IBM HR Analytics Employee Attrition Capstone

Summary

IBM is an American MNC operating in around 170 countries with major business vertical as computing, software, and hardware. Attrition is a major risk to service-providing organizations where trained and experienced people are the assets of the company. The organization would like to identify the factors which influence the attrition of employees.
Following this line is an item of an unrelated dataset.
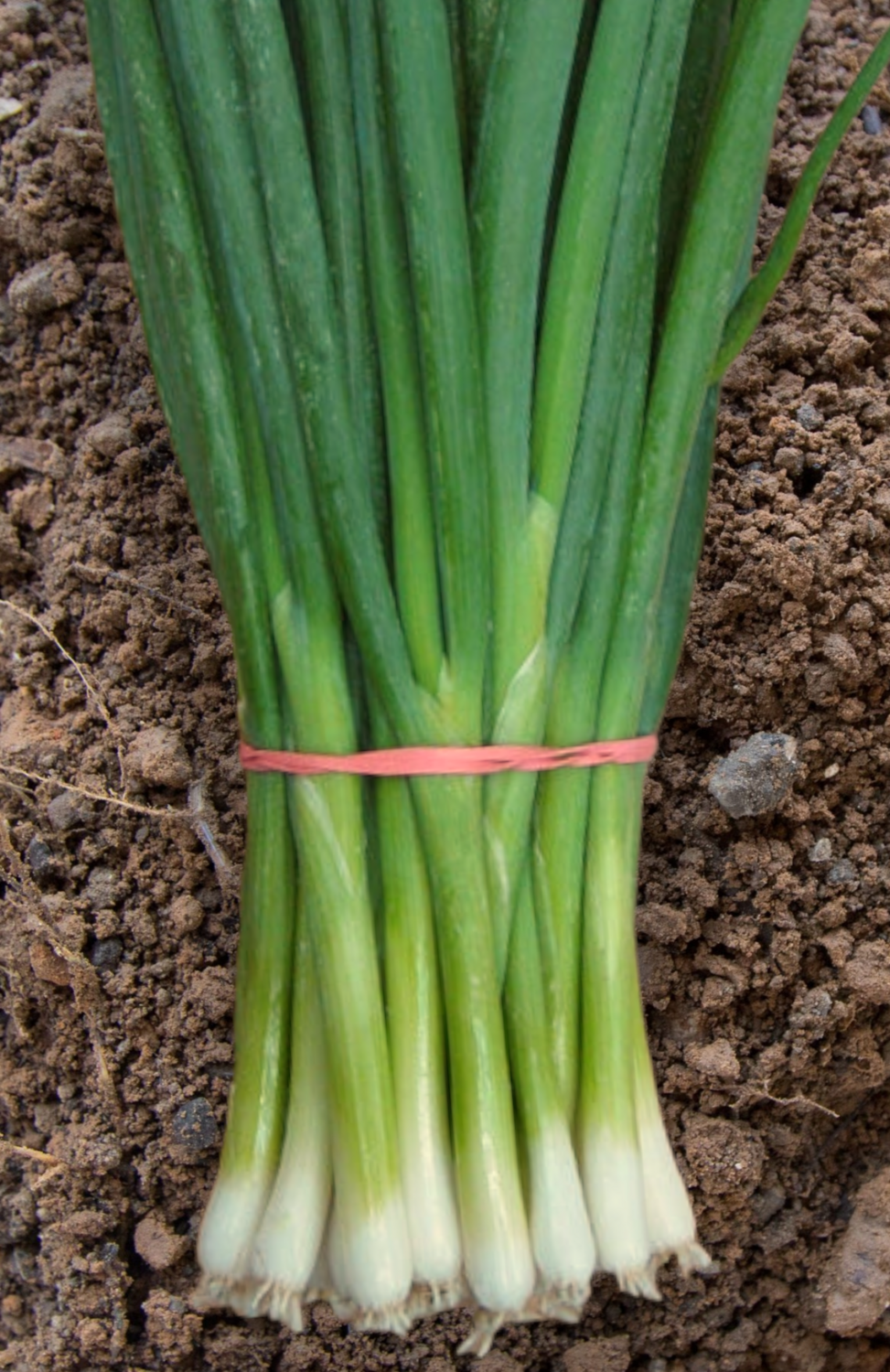  Parade Bunching Onion Seeds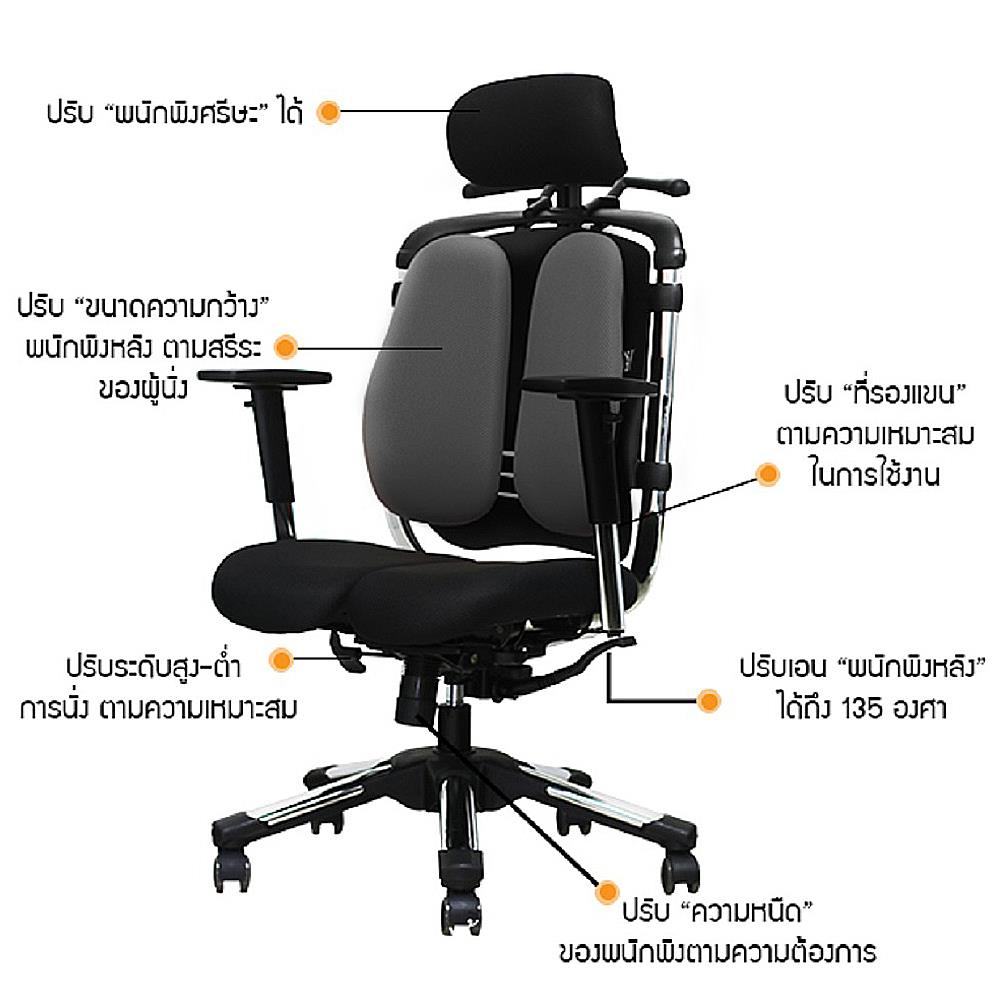 เก้าอี้เพื่อสุขภาพ HARA CHAIR NIETZSCHE 2 สีเทา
Data analysis for the case study follows the following steps:

1. Prepare
2. Process
3. Analyze and Share

1. Prepare

The data used is stored in Kaggle under the IBM Employee Dataset. The dataset contains information about their education, department, and more.

2. Process

2.1 Installing the necessary packages needed for cleaning and analysis.

#Installing the packages
import pandas as pd
import numpy as np

#Data Viz
import matplotlib.pyplot as plt
from matplotlib import style
import seaborn as sns

2.2 Loading the dataset

attrition_dataset = pd.read_csv('/kaggle/input/employee/train.csv')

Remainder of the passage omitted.